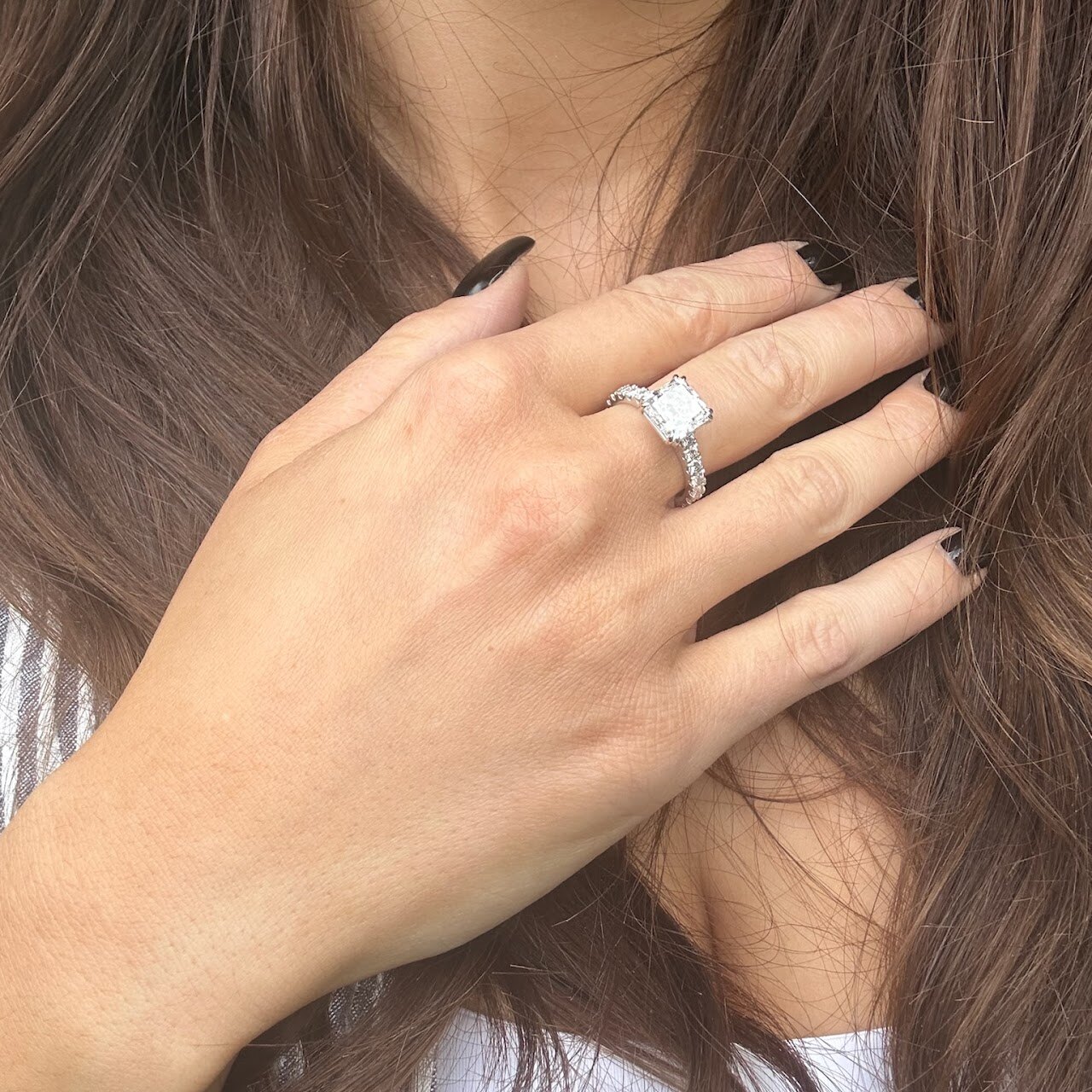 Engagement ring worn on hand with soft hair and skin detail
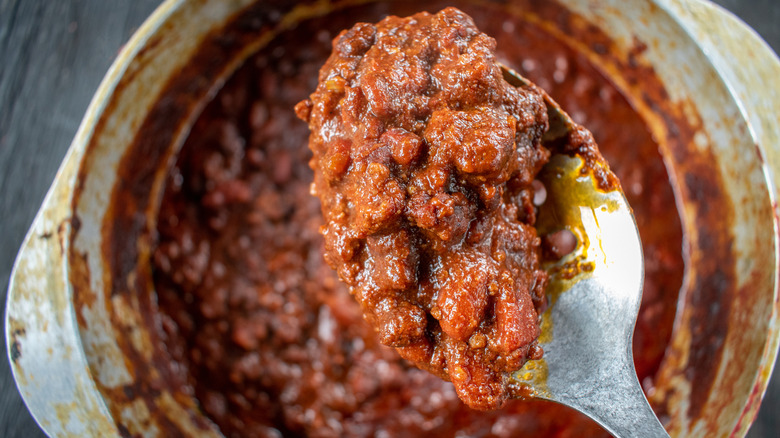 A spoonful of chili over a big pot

○ ○ ○ ○ ○

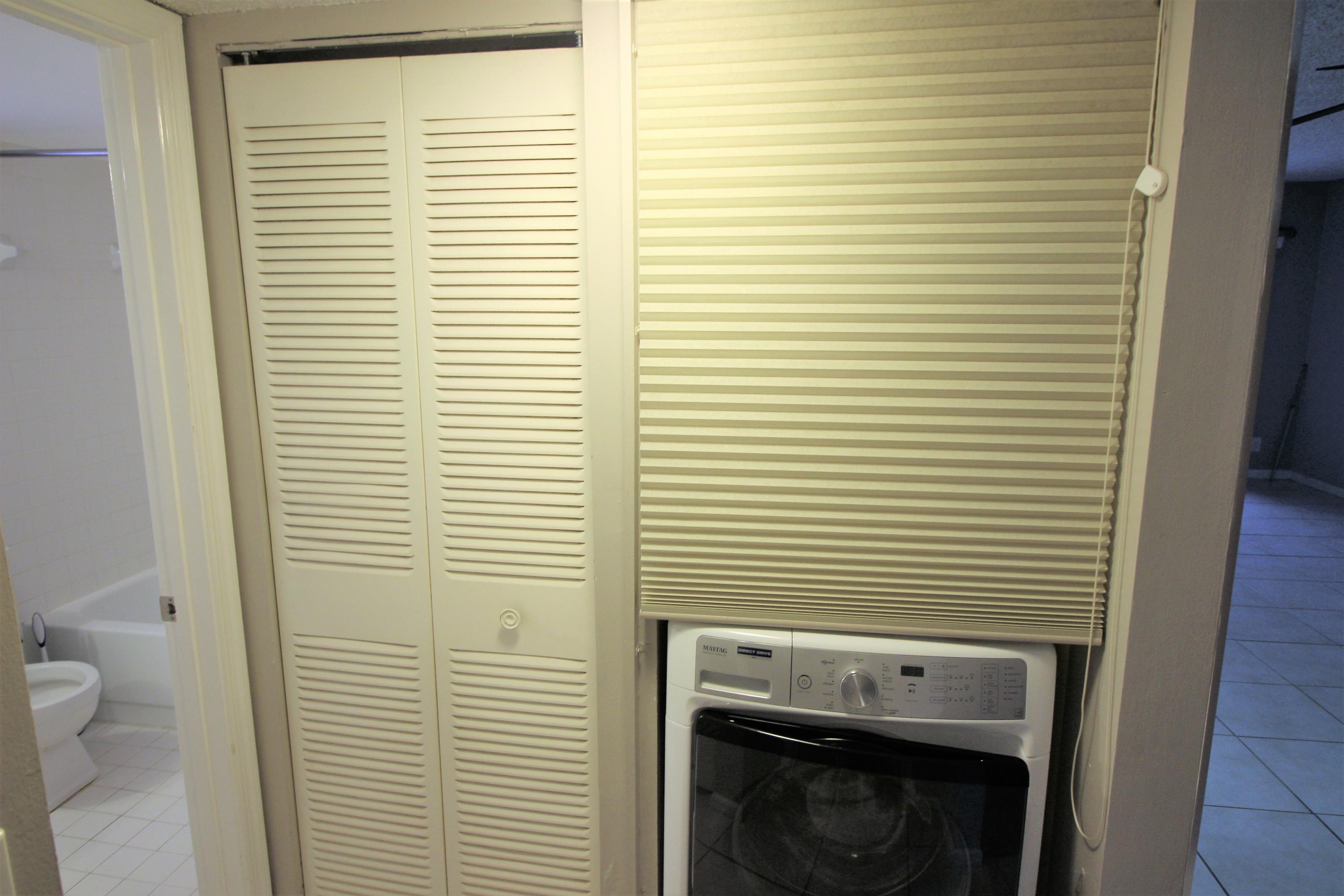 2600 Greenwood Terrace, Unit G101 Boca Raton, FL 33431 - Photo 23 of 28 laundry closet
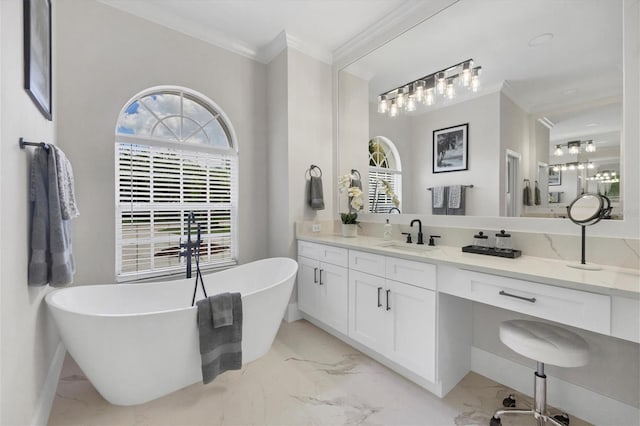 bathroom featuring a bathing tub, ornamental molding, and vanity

○ ○ ○ ○ ○

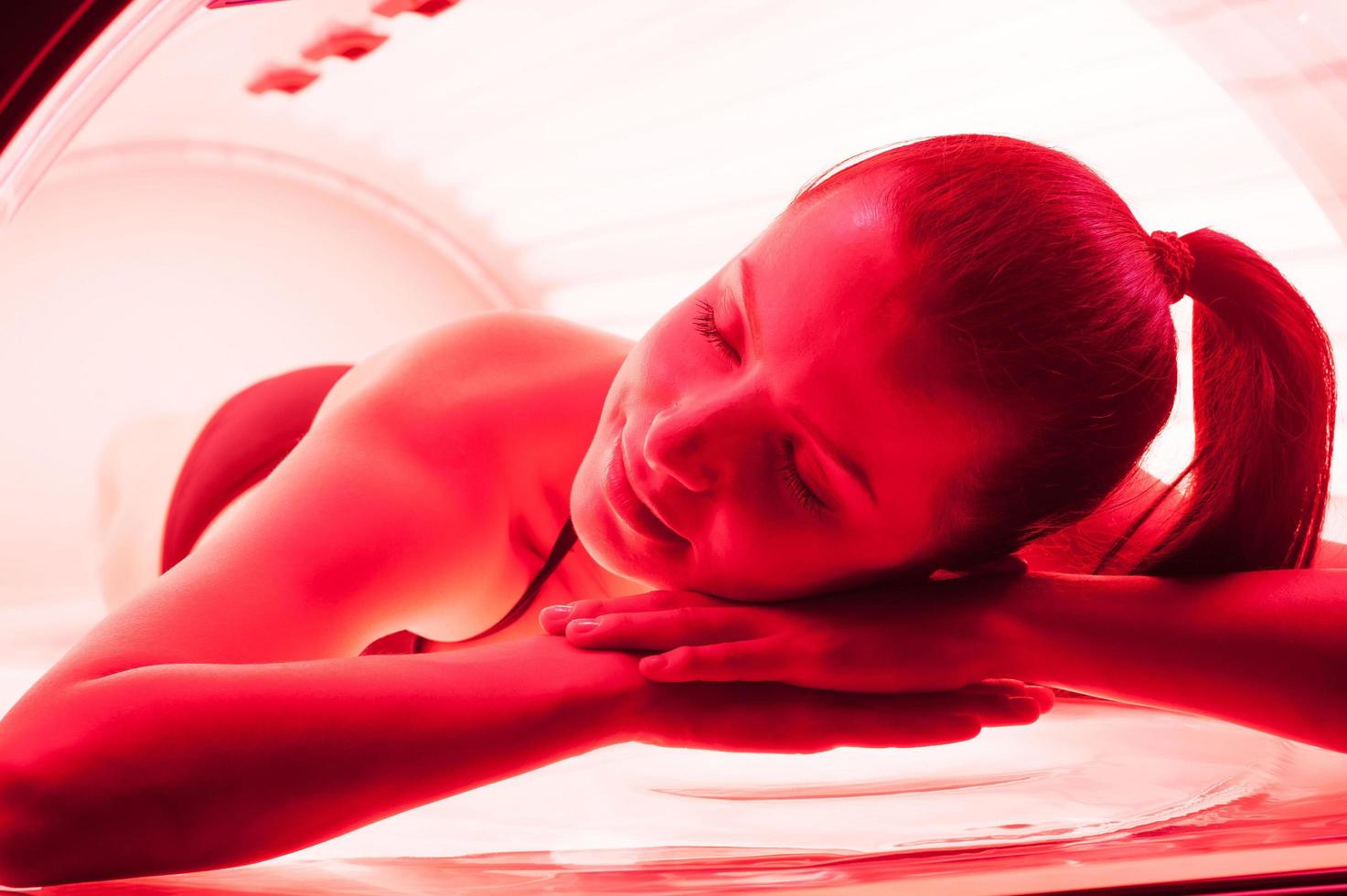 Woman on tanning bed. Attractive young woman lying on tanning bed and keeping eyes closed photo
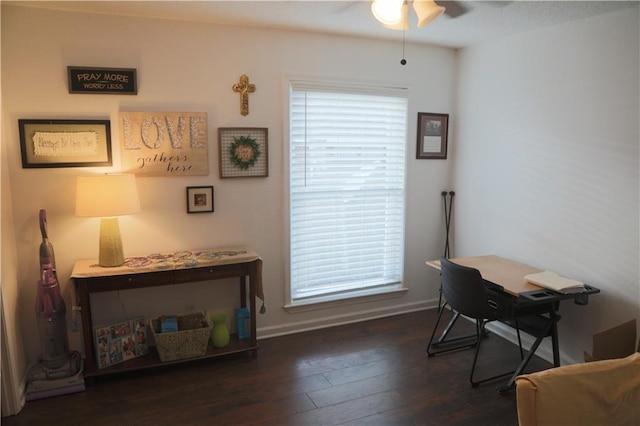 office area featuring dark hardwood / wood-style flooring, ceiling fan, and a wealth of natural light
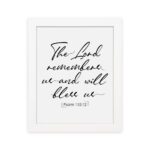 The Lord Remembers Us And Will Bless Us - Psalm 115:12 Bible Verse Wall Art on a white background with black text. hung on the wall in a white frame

○ ○ ○ ○ ○

Try it: Only one stretch of the data is wanted: write out exactly the lines from the one holding "Woman on tanning" through the one holding "The Lord Remembers", both included, without the pictures.

Expected output:
 Woman on tanning bed. Attractive young woman lying on tanning bed and keeping eyes closed photo
 office area featuring dark hardwood / wood-style flooring, ceiling fan, and a wealth of natural light
 The Lord Remembers Us And Will Bless Us - Psalm 115:12 Bible Verse Wall Art on a white background with black text. hung on the wall in a white frame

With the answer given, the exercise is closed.